The Chairperson: It is the same system here though, is it not?

Mr Weir: As?

The Chairperson: For complaints about MLAs.  We have an Assembly Ombudsman who makes a judgement —

Mr Weir: I might be wrong on this, but I am not sure whether, in respect of the powers of the Assembly Ombudsman —.  You can make a complaint against a Department or individuals.

The Chairperson: He makes a judgement, and that is the end of it.

Mr Weir: With respect, I am not sure that the ombudsman has, for example, the power to bar, suspend or remove somebody as an MLA.  That is where there is a qualitative difference.  Ultimately, the ombudsman's report goes to the Standards and Privileges Committee, which will or will not accept the ruling.

If people are barred from council, particularly because a serious allegation is been made against them, I think they have the right, beyond simply judicial review, to some level of appeal.  Their life and certainly their political career could be, effectively, ruined.  That is not really the situation regarding an MLA.  MLAs might get a slap on the wrists, but they will not be disqualified from the Assembly.  That has never happened.  There needs to be something more robust.  It is all very well for Tom Frawley or anybody else to say, "We are reasonably happy with the system", but, to be fair, Tom Frawley is not going to be on the receiving end of this.  Sometimes, again from my experience of people, complaints are very genuine.

The Chairperson: Well, he has been in the job for a long time.

Mr Weir: Yes.  But with the greatest respect, he is the one holding the gun rather than the one facing the gun, if I can use that analogy.  Sometimes there are complaints that are very justifiable and genuine, and there are also times when people take a very bull-headed attitude and are completely irrational.  That is not to say that somebody will not then suffer an injustice because of that.  I detect from virtually all the submissions that we have got from anybody involved in the local government sphere that they want to see an appeal mechanism built in and something that is not simply a judicial review.

The Chairperson: How can that be managed, Julie?

Ms Broadway: We have heard all the evidence that people have given to the Committee, and we need to go back to the Minister about that.

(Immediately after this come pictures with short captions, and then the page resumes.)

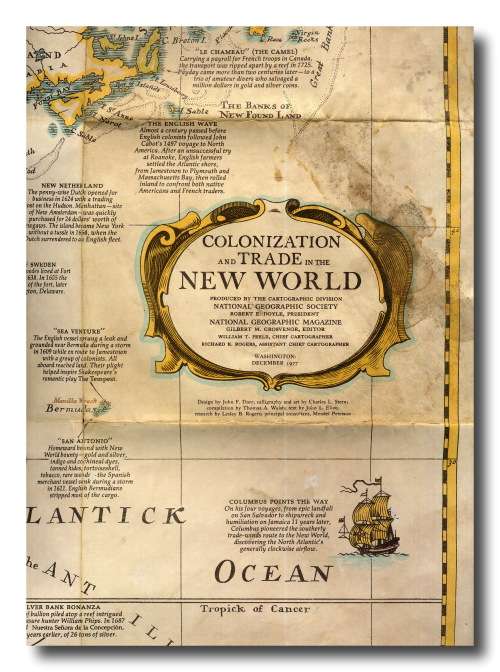 National Geographic Folded Map Colonization and Trade In The New World Dec 1977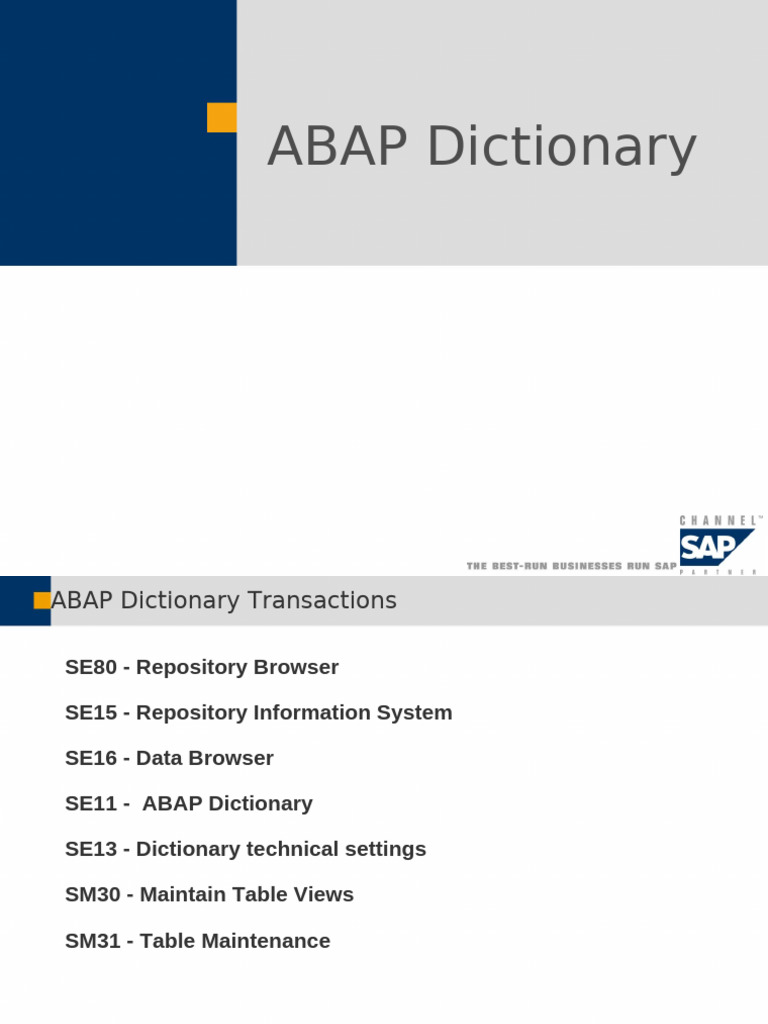 ABAP Training-ABAP Dictionary | PDF | Software Engineering ...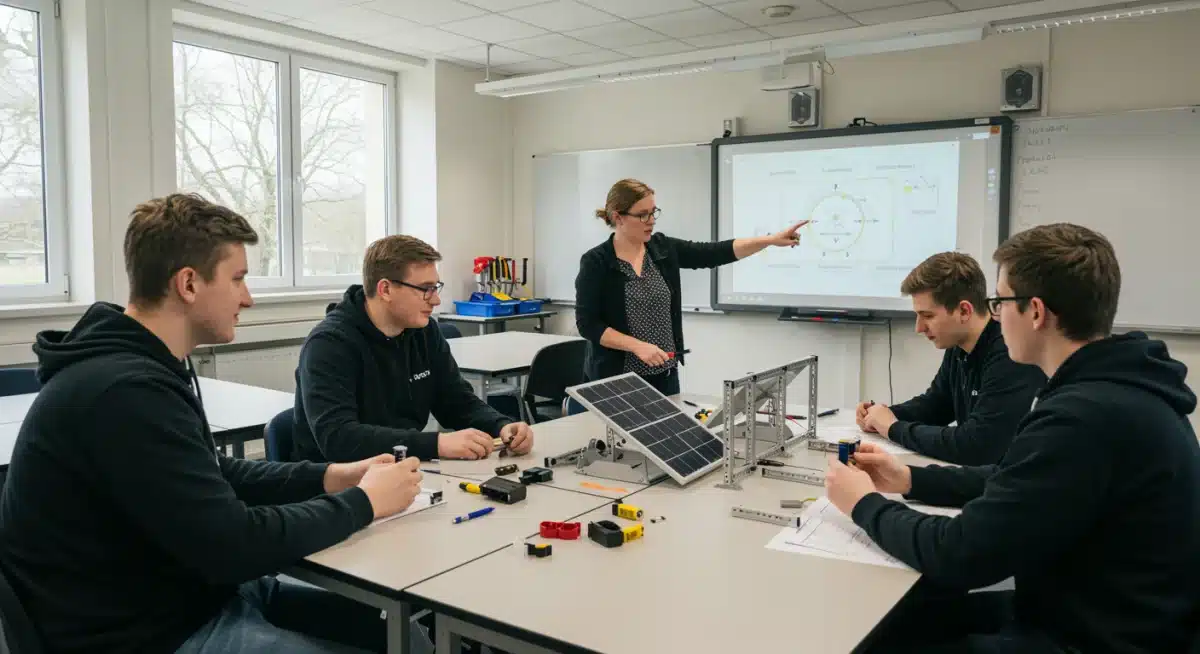 Students engaged in hands-on solar power system assembly in a modern classroom.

The Chairperson: Tom Frawley's point is that we have been dealing with complaints to public bodies and public representatives in that way.  If we make an exception with local councillors, it may turn the system — and I am paraphrasing — upside down, and we may then need to provide further appeal mechanisms for other complainants.

Mr Weir: Chair, maybe the system needs to be turned on its head, because there is the situation where people are potentially getting complained about and do not realistically have any proper right of appeal.  That is wrong.  If we are making changes, it might mean that, in other cases, you have to look at appeal mechanisms of some description.  That may show that the whole thing is a bit out of step.

The Chairperson: I am not against equality and fairness.  If we need to build in an appeal system, we will look at it.  I am just reminding members what Tom Frawley said in his presentation.  Members, we will move on.  The next one is community planning.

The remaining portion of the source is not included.